Her remarks Monday were directed at students not much younger than herself, and her messages were powerful in their straightforwardness: show up for others, especially those outside communities of which you are a part; establish a culture that fosters diversity organically rather than worrying about it after the fact; leave a legacy to make the path easier for those who follow in your footsteps.
Asked in the ensuing question-and-answer session if the effort is worth it, especially in the face of slow progress, Opoku-Agyeman replied, “One hundred percent,” citing the social-justice protests during the summer of 2020 as evidence. “Just ordinary folks, everybody and their grandma, was out there, and it shifted things. You had corporations that, a year prior would never have said ‘Black lives matter,’ tweeting it and putting it in their banners. Granted, a lot of it was performative, but even just the shift in conversation has prompted so many more Black folks being recognized.
“The conversation is happening, people are talking about it — even if they don’t want to.”
The day continued with a series of virtual breakout workshops featuring speakers and discussion across a variety of topics.
In the “Advancing Justice and Insuring Inclusion in Tech” workshop, Bie Aweh explained her role in ensuring equity and inclusion are a part of the ever-growing landscape of the tech industry. As a leader at the online food delivery platform DoorDash, Aweh works to connect underrepresented communities to the tech world. Aweh stressed the importance of creating pathways for minorities to break into emerging fields.

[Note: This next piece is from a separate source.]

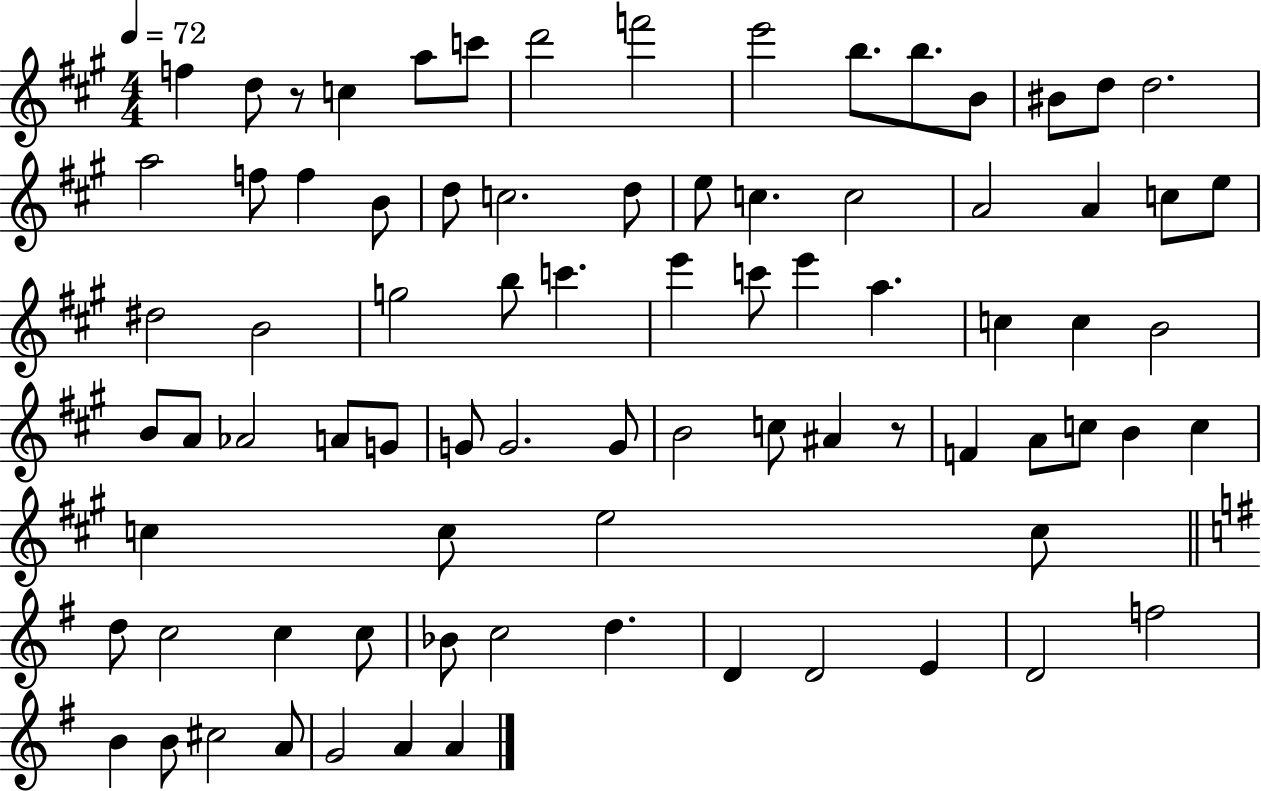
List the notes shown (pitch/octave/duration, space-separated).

A valuable tool in that pursuit, she explained to the around 80 students in attendance, is mentorship.
“The lesson here is being able to identify what your personal North Star is and connecting with people who help you to get to the next level and challenge you to get outside your comfort zone.”
While Aweh’s workshop looked to the future, another explored the past. Students in the “Black Heritage Trail of New Hampshire” breakout session learned about Black history in the Granite State dating back to the 1600s. Speaker Nur Shoop runs the “Thirst for Freedom” tour out of Portsmouth, which focuses on the impact Blacks have had on the Seacoast from the time of slavery through the civil rights movement of the 20th century.
In a conversation moderated by Xavier Ross ‘22, Shoop explained how some of the historic buildings in the town of Exeter once housed enslaved people and touched on other unsavory moments from the area’s more recent which includes marches by the Ku Klux Klan as recently as the early 1990s.
“This is not something that was 100 years ago, 200 years ago, this is current,” she said.
Shoop also talked about the 2003 discovery of an 18th century freed enslaved person burial ground in Portsmouth. The city reburied the dead as part of the Portsmouth African Burying Ground Memorial Park which opened in 2015.
Other workshops were built around creating healing art; how the principles of yoga have encouraged the discipline of non-violence in social justice fight; the religious and interfaith communities’ role in the civil rights movement; and chemistry and its service to the community.
In introducing the day’s programming Stephanie Bramlett, Exeter’s director of equity and inclusion, encouraged the students to challenge themselves and to “dream as a community, dream big,” she said. “As we learn our history, how can we use it to build, to be a better a future?”